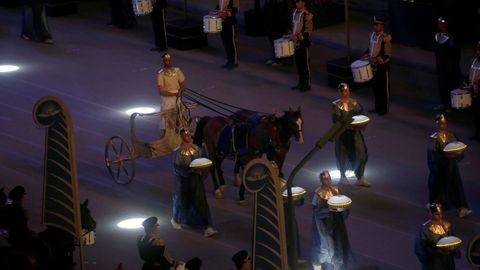 Elementos como el carro tirado por un caballo fueron recreados a partir de ornamentos y grabados que se han conservado hasta hoy
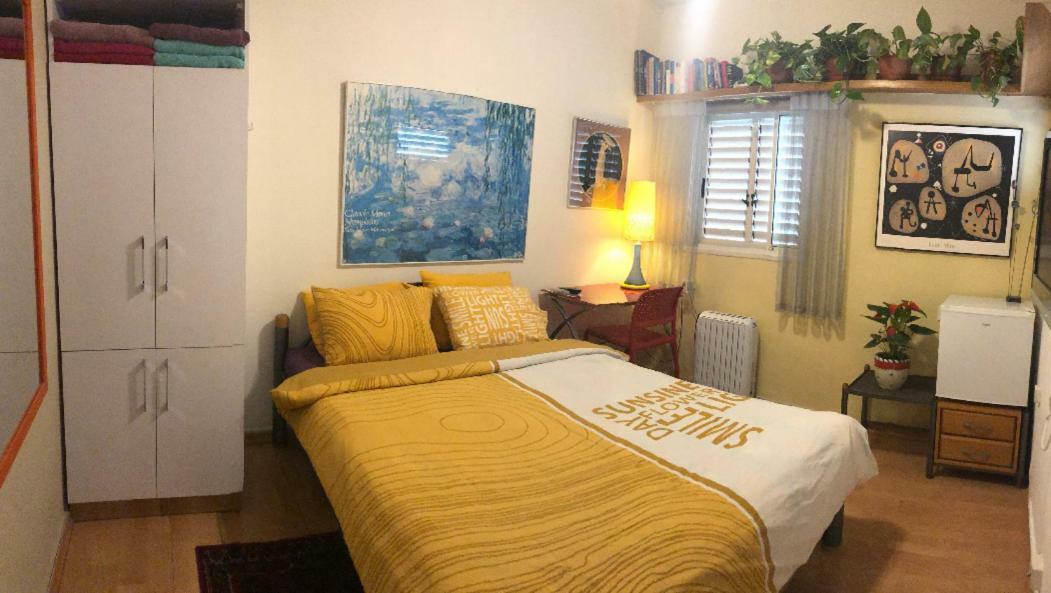 Comfortable Quiet Room With A Private Bathroom In Shared Apartment Тел Авив Екстериор снимка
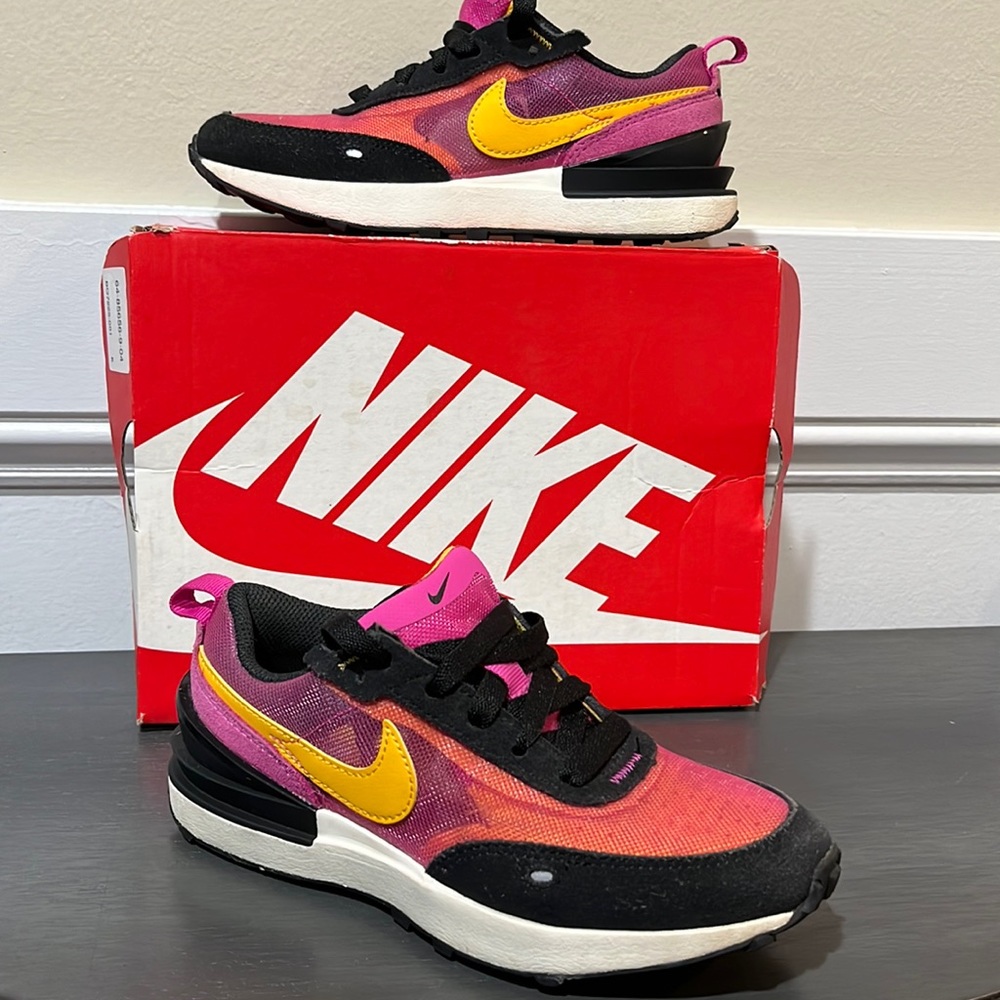 NIKE SNEAKERS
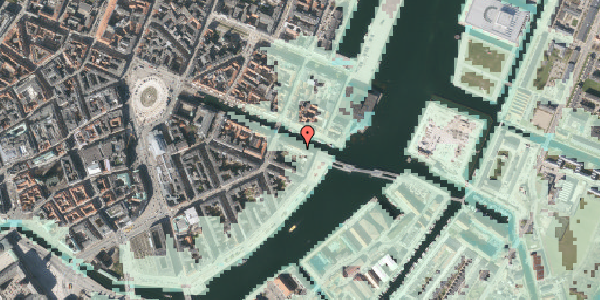 Stomflod og havvand på Nyhavn 42B, 3. th, 1051 København K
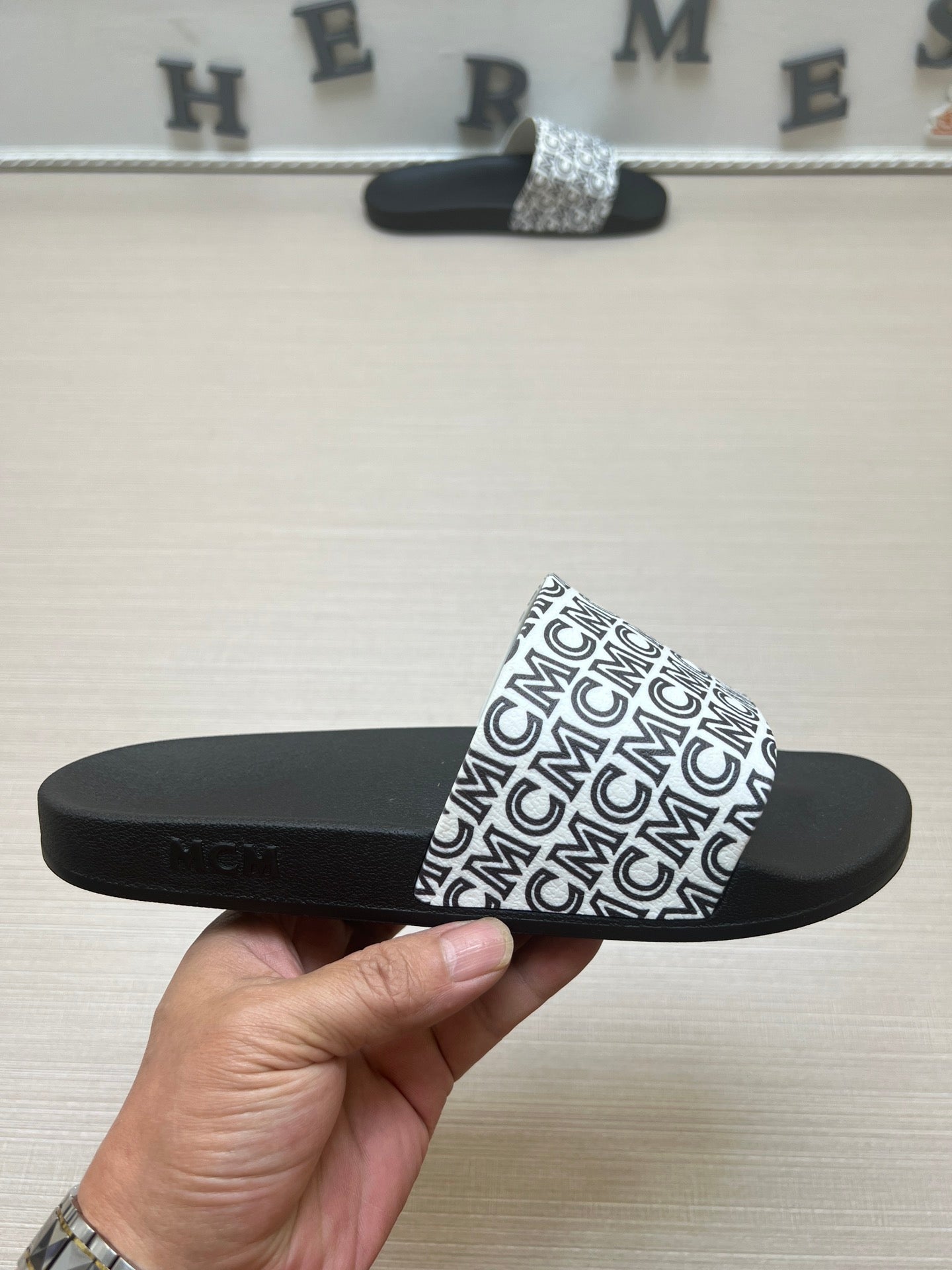 54M45ZDE Stylish slippers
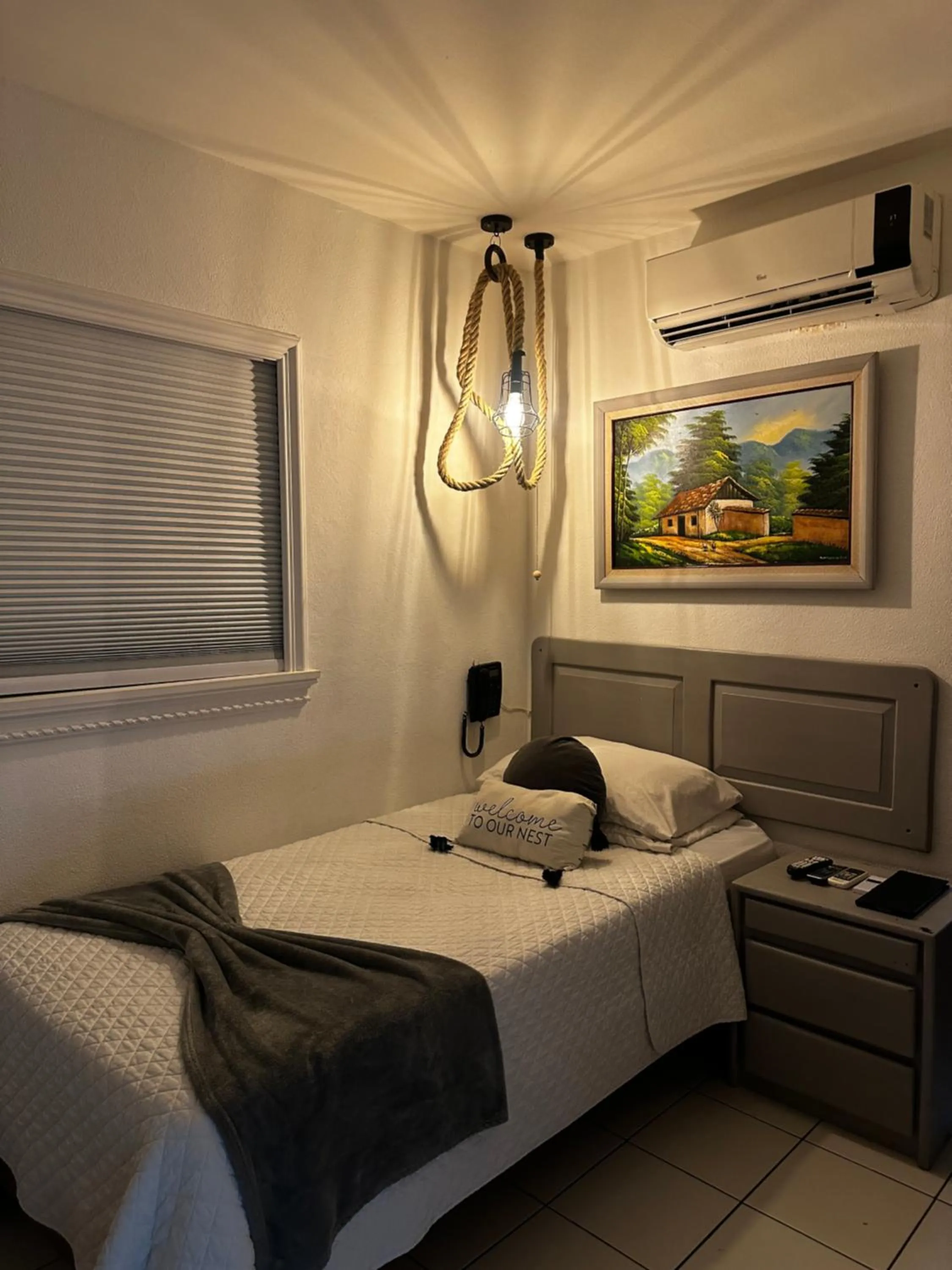 Bedroom, Bed in Berlor Airport Inn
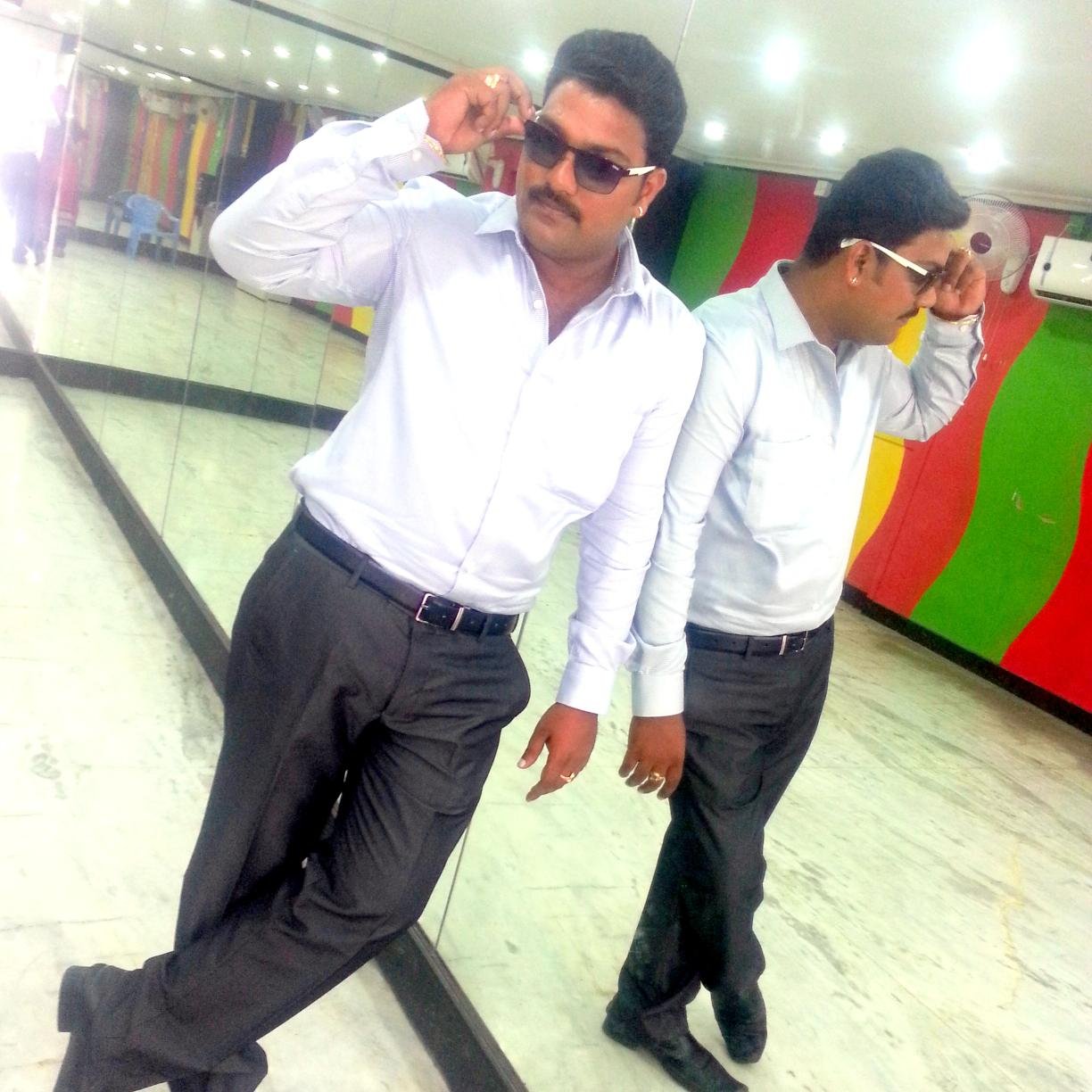 vipratheesh's profile picture. 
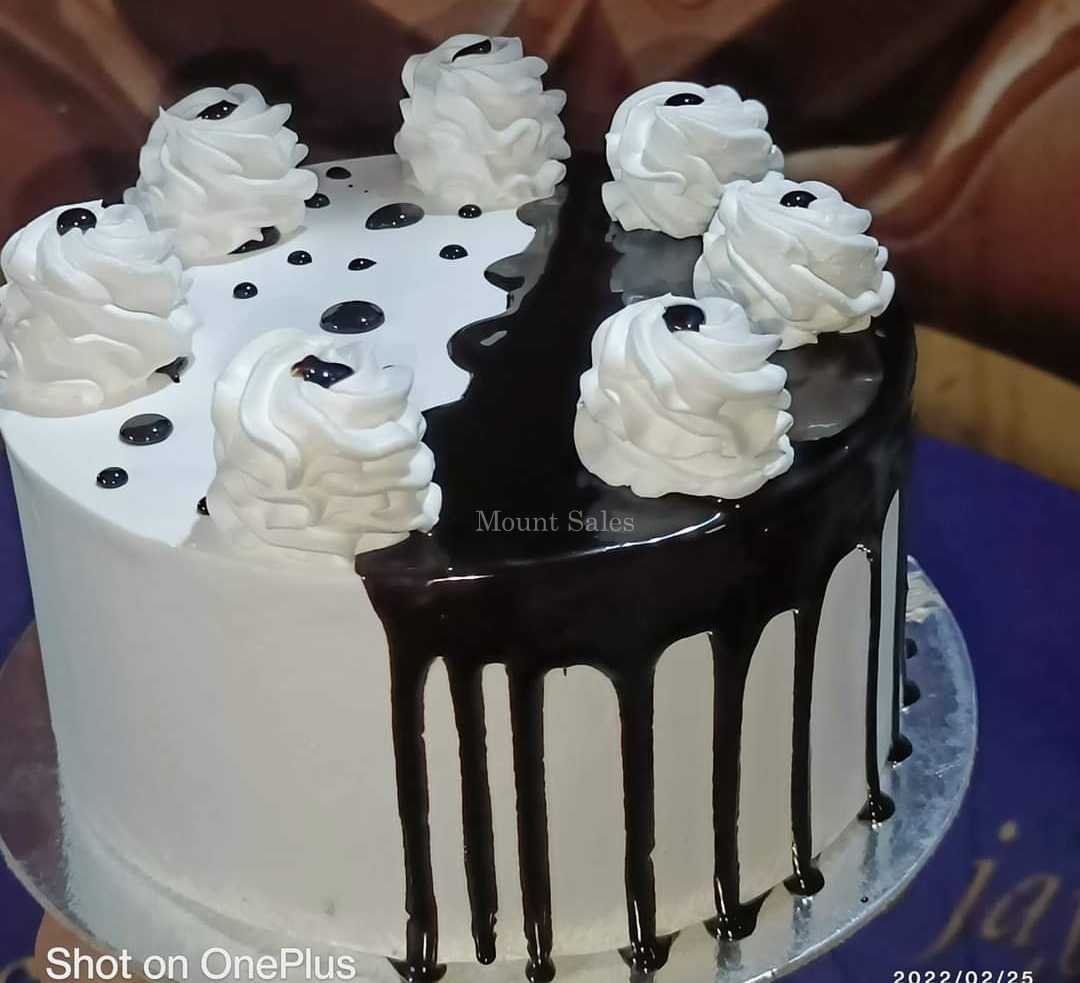 Premium RED N White Velvet Cake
_ _ _
▶ What you should do
Whenever a line holds a picture, print that line without the picture. All other data must be output exactly.

▶ Your response
 Elementos como el carro tirado por un caballo fueron recreados a partir de ornamentos y grabados que se han conservado hasta hoy
 Comfortable Quiet Room With A Private Bathroom In Shared Apartment Тел Авив Екстериор снимка
 NIKE SNEAKERS
 Stomflod og havvand på Nyhavn 42B, 3. th, 1051 København K
 54M45ZDE Stylish slippers
 Bedroom, Bed in Berlor Airport Inn
 vipratheesh's profile picture. 
 Premium RED N White Velvet Cake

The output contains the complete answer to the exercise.